The evidence in this case fails to furnish satisfactory grounds for an inference, or for anything better than mere conjecture, as to the cause of the accident. The building was only two stories high, and the elevator ran from the lower to the upper floor, a distance of about eleven or eleven and one half feet. The plaintiff was injured by the descent of the car upon him in the elevator well on the lower floor. In the ordinary operation of the elevator, when the ear descended, it struck a dog about a foot above the floor, which threw off the belt and stopped it; but if anything prevented it from striking the dog, the rope on the drum would completely unwind, and would wind up backwards and draw up the car again. There was uncontradicted evidence that almost- immediately after the accident the plaintiff was seen under the elevator car, and that the car was then about four feet from the floor,' going up. The accident happened at about a quarter before twelve o’clock, and it appeared that the elevator had been in constant use that morning, and that the plaintiff was using it just before the accident, and that it had run perfectly. It continued to run perfectly after the accident, and no repairs were made upon it subsequently. The plaintiff testified that he did not know whether anything was the matter with it or not. The bursting of a steam-pipe near it, about three weeks before, had caused it to stick, but it was immediately repaired by planing out the grooves on the car and substituting blocks in which were grooves, and it was then tried and found to work perfectly, and there was no evidence that it ever afterwards stuck. It was shown that, “ if the elevator car should fall from the second story, it would strike an-object four feet from the ground with a force of about eight thousand to nine thousand pounds, after allowing for all possible friction.”

There is much in the case to indicate that the elevator did not fall, and that the plaintiff was injured by negligently being caught under the car in the elevator well when the car was descending in the usual way. But if we assume that the jury might have found that the elevator fell, and that the failure of the defendants to provide a mechanical device to hold the car, as required by the St. of 1882, c. 208, was one of the causes of the *126accident, and that the plaintiff is not shown to have had such a knowledge and appreciation of the risk from such failure as to preclude him from recovering, or if we assume that the jury might have found from the circumstances that there was some other defect in the elevator which might have been remedied by the exercise of due care on the part of the defendants, and that the defendants had so far intrusted to Harmon the performance of their duty of supervision of the elevator, and of repairs which might properly be made by servants, as to make them liable for his negligence, we come to the question whether the plaintiff has shown that he was reasonably careful.
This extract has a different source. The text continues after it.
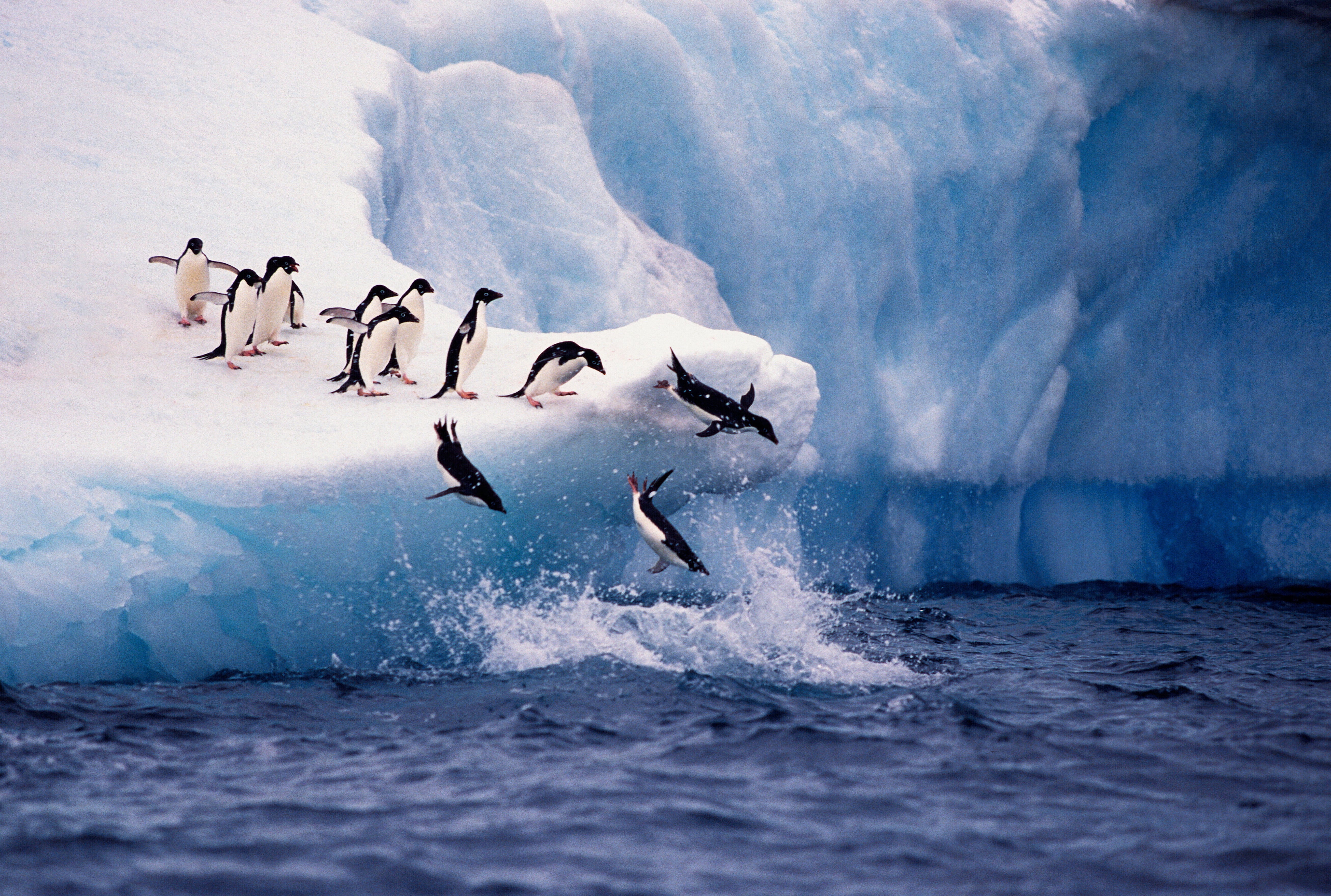 Adelie penguins are among the species threatened by the dramatic Antarctic change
The defendants had taken great precautions to prevent persons from passing into the elevator well. In both stories the elevator was provided with double doors, which, when shut, completely closed in the elevator well. In the second story there were automatic guards to prevent persons from walking into the well when the doors were open. On each side of the cross-head of the elevator car were painted the words, “ Riding on the elevator strictly forbidden.” In conspicuous positions on the side of the elevator well on the first floor were two signs, reading, “ No passing through the elevator well.” The elevator was at the extreme northerly end of the building between two rooms. Just at the elevator there was a door in the partition between the rooms through which one could pass from one side to the other of the elevator well. From each room there was a door into the yard, very near the elevator, furnishing a convenient passageway there from one side to the other. There were also stairs near by leading from the first to the second story.

It is undisputed that the plaintiff was partly or wholly in the elevator well when he was injured. He- testified that he was struck on his upper arms, across the thigh, about the knee, and on the instep. It is clear that he could not properly have been in the elevator well in the performance of his duties. He had worked for the defendants eight months, and had used the elevator about two months before the accident. The shipping rod which worked the machinery was not in the line of passage of the elevator car within the elevator well, and the plaintiff had no occasion to expose any part of his person in raising or lowering the car. Upon the plaintiff’s evidence, which presents the *127view of tlie case most favorable to bim, he had pushed up the shipping rod, by which the car was lowered, and the car did not come down; he pushed it up again, and the car did not then come; he then put his head into the well to see if there was any slack of the elevator rope, and then pushed up the shipping rod the third time, and the elevator car came down and struck him.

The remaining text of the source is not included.